Crossover

By Gerald Liu

Crossover — not the maneuver deployed on basketball courts; but the overlap of “sacred” and “secular” in musics — thematizes Benjamin M. Stewart’s interview with Don E. Saliers, William R. Cannon Distinguished Professor of Theology and Worship, Emeritus and platinum, gold, and Grammy award winning Indigo Girl, Emily Saliers. In the Practical Matters (issue 1) video segment A Song to Sing, A Life to Live: A Conversation about Musical and Liturgical Imagination with Don and Emily Saliers, father and daughter detail how music, in its vast array, provides a horizon where the theologically unsuspecting twilight of “Saturday nite” and the theologically explicit dawn of “Sunday morning” meet in music to radiate profound beauty, blessing, redemption, and transformation in the world.

The two Saliers also embody the crossover of music.  Emily grew up in a house filled with sacred music and with family vacations soundtracked by singing. Her musical upbringing matured in former venues like Atlanta’s Little 5 Points Pub, which became a sanctuary of sound, and its “motley crew” of patrons, a community of the faithful. In the bonus tracks of the video interview, she reveals how songs like “History of Us” emerged from these experiences, and how the hands-on cry for activism in “Hammer and a Nail” grew out of love for the message of mercy in the Eucharistic hymn “Let us Break Bread Together.” She also admires the ability for songs like “Fuera la Marina” by Puerto Rico’s Lourdes Pérez to galvanize resistance against the U.S. Naval military tests in Vieques. Surely music models justice most in times of conflict and in efforts for peace.

Don, also the child of a musician (his father a jazz musician and classically trained violinist), and himself an accomplished organist, pianist, harpsichordist and United Methodist minister, punctuates how music can “attune” us to a deeper imagination of the world.  For Don, music can nurture a biblical imagination where we do not seek to repeat in music prescribed forms of worship and liturgy.  Rather, music can “evoke” the prophetic and express holiness in situations where words fail to suffice – circumstances like caring for the bedridden or celebrating new birth in baptism.
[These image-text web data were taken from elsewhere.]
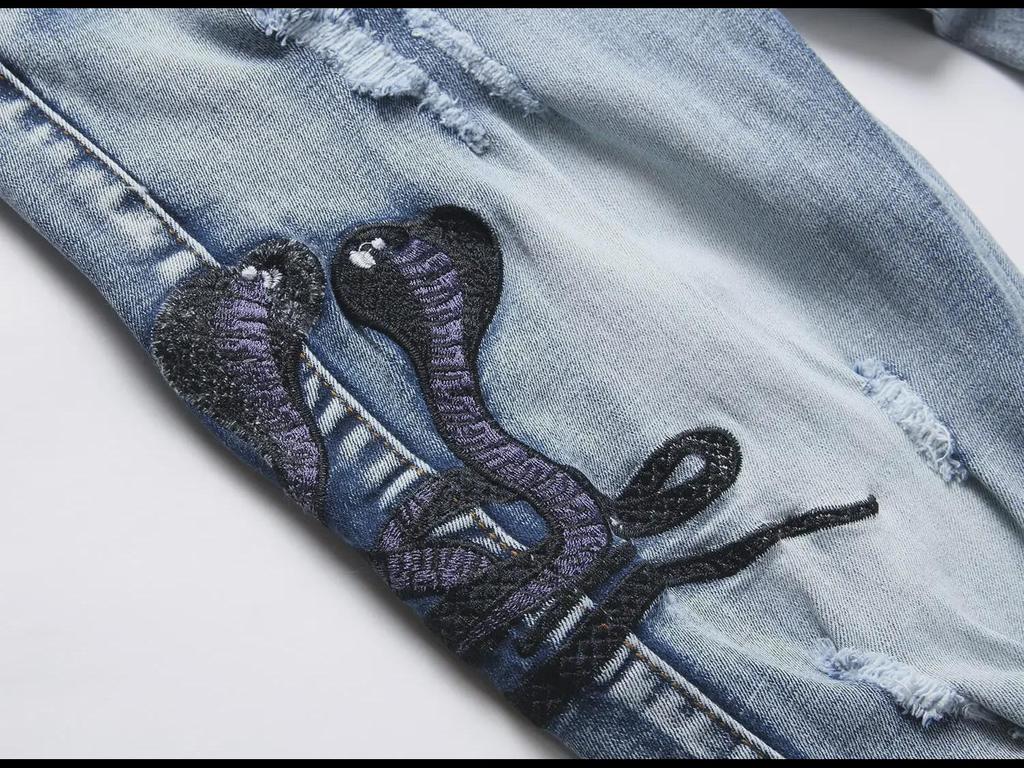 European Street Style Blue Cobra Embroidery Slim-Fit Men's Jeans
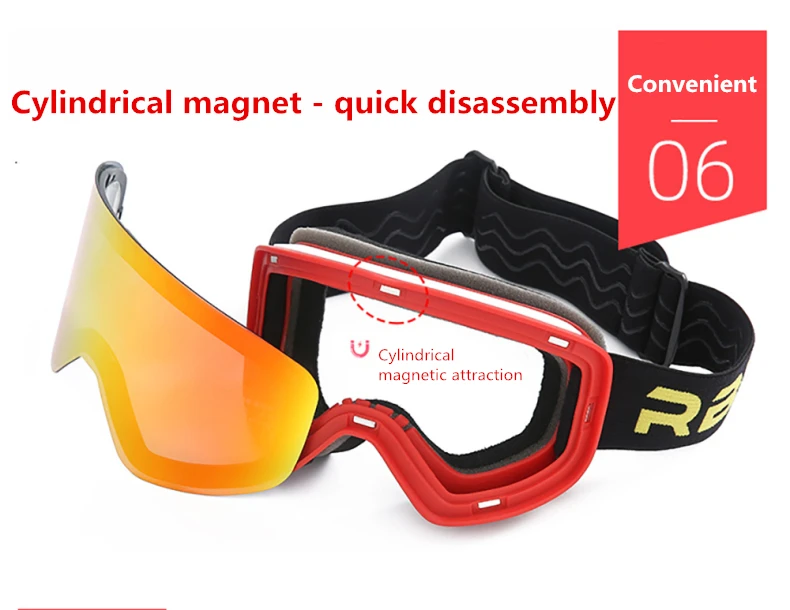 RBworld Ski Goggles with Magnetic Double Layer Lens Magnet Skiing Anti-fog UV400 Snowboard Goggles Men Women Ski Glasses Eyewear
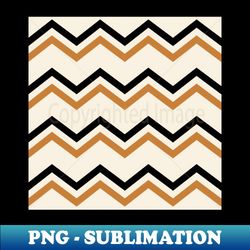 retro chevron design in black and ochre - png transparent digital download file for sublimation - perfect for creative projects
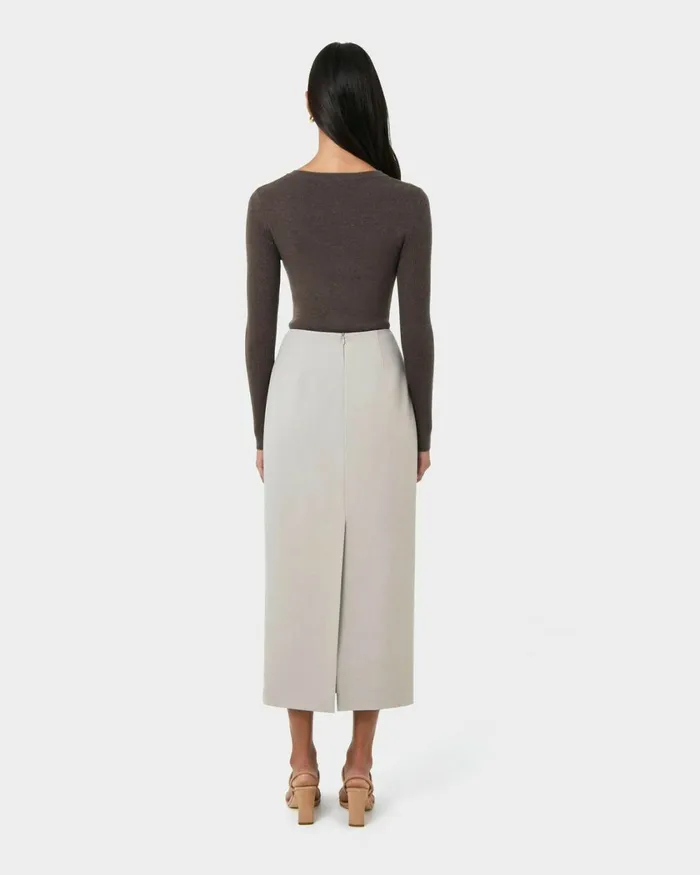 Forcast Tania Crew Neck Knit Walnuttobaccoivorynavygreycharcoalblack Women Petite Edit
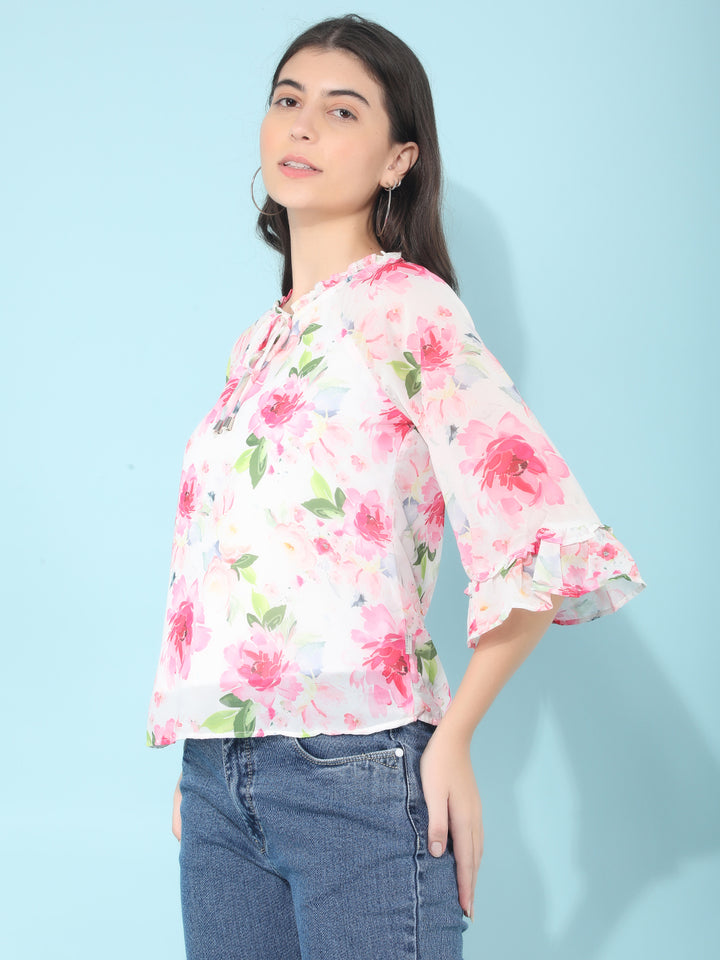 Pink Floral Print Top-Women Tops-Crimsoune Club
Music gives sense to suffering and mystery in structured sound.

The songs and duets that Don and Emily shared during the segment amplified their combined wisdom. But the most striking music and musical statement came from above, unscripted, and with abandon. About five minutes before the video’s end, rain audibly interrupted the discussion.  Emily described it as “beautiful” and a “transcendent moment.” Don followed by emphasizing that “music is not in the score” and that “prayer is not in the liturgical text.” And what I witnessed was a true crossover. The rain manifested Divine charity that made itself felt and heard. The water dropped and dripped in concert with what had been said, perhaps anointing the conversation, but outmaneuvering it as well. It seemed to insist that music might take place far from our intent, without our interpretation, and speak theologically on its own.